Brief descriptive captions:
=== Begin Enclosure ===

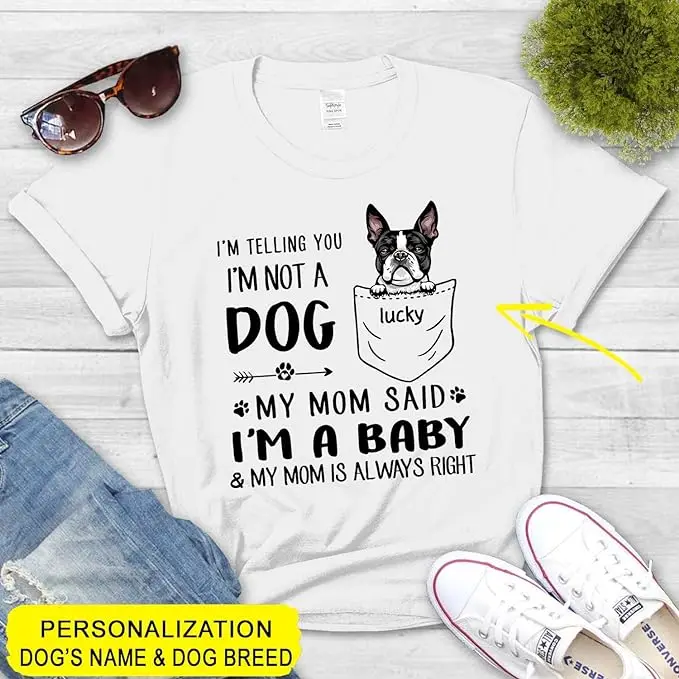 Customized Dogs Name and Dog Breed Shirt Dog Mom Shirt Gift for Mom Personalised Fashion Tshirt Mother's Day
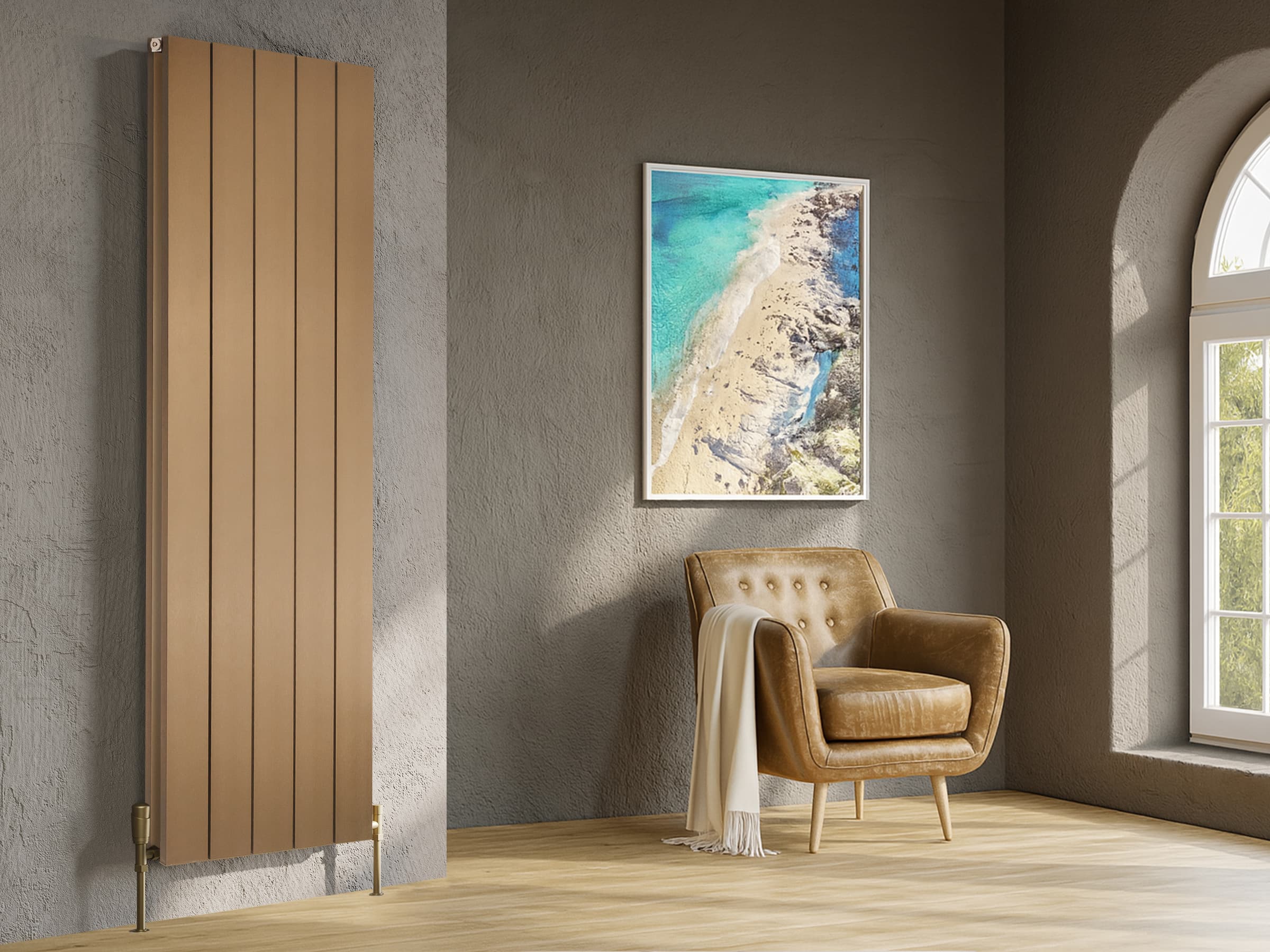 Calorifer decorativ LOJIMAX, colectia  KALSEDON DOUBLE высота 300 mm. ширина 280 mm. COPPER SATINE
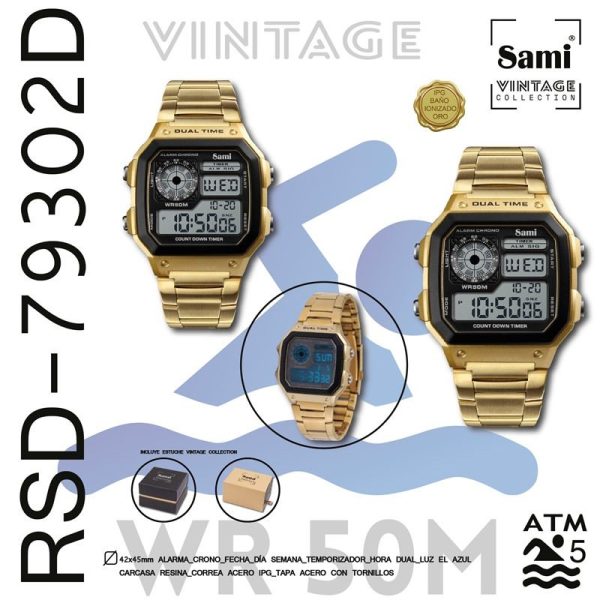 Reloj Sami Vintage cuad LCD WR50M acero IPG ajustable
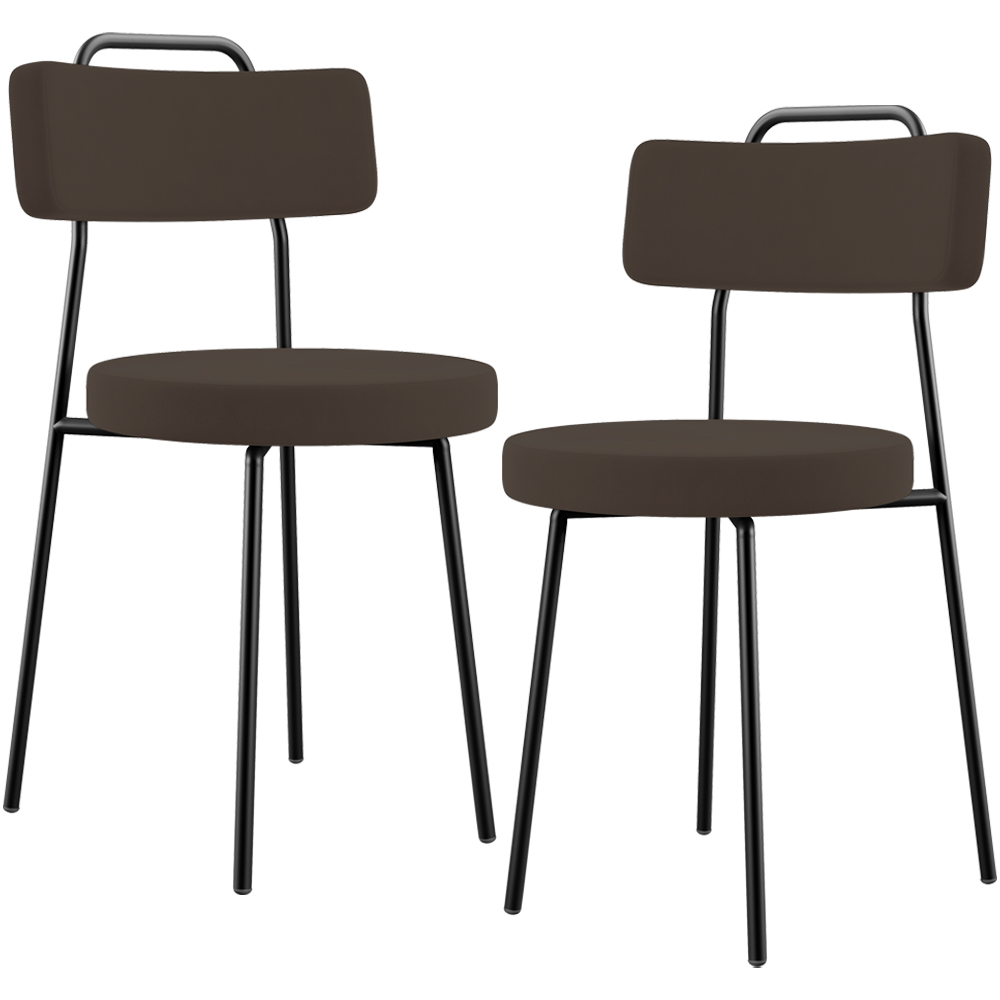 Kit 02 Cadeiras Decorativas Estofada Para Sala De Jantar Barcelona L02 Suede Marrom - Lyam Decor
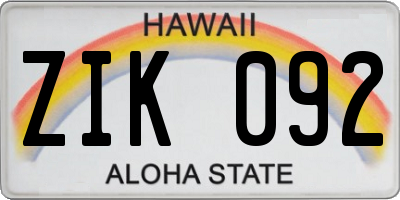 HI license plate ZIK092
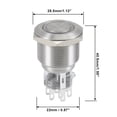 thumbnail image 3 of Latching Metal Push Button Switch 22mm Mounting Dia DPDT 2NO 2NC 24V Blue, 3 of 5
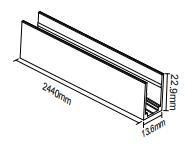 Комплект монтажного накладного профиля 2440х13х23 для ленты NEON 1120 HB VARTON V4-NS-00.0047.STR-0009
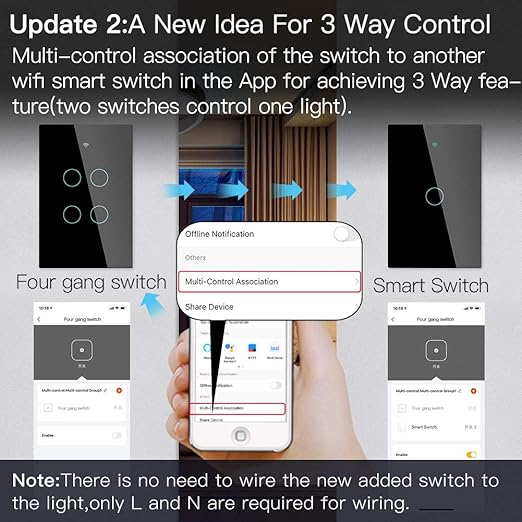 MOES 2.4GHz WiFi Wall Touch Smart Switch Neutral Wire Required, 3 Way - Image 3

=== End Enclosure ===

PROBLEM DETAILS:
Please quote exactly the run of lines that starts the entries and ends at the line containing "Calorifer decorativ LOJIMAX, colectia", leaving out every picture.

EXERCISE OUTPUT:
 Customized Dogs Name and Dog Breed Shirt Dog Mom Shirt Gift for Mom Personalised Fashion Tshirt Mother's Day
 Calorifer decorativ LOJIMAX, colectia  KALSEDON DOUBLE высота 300 mm. ширина 280 mm. COPPER SATINE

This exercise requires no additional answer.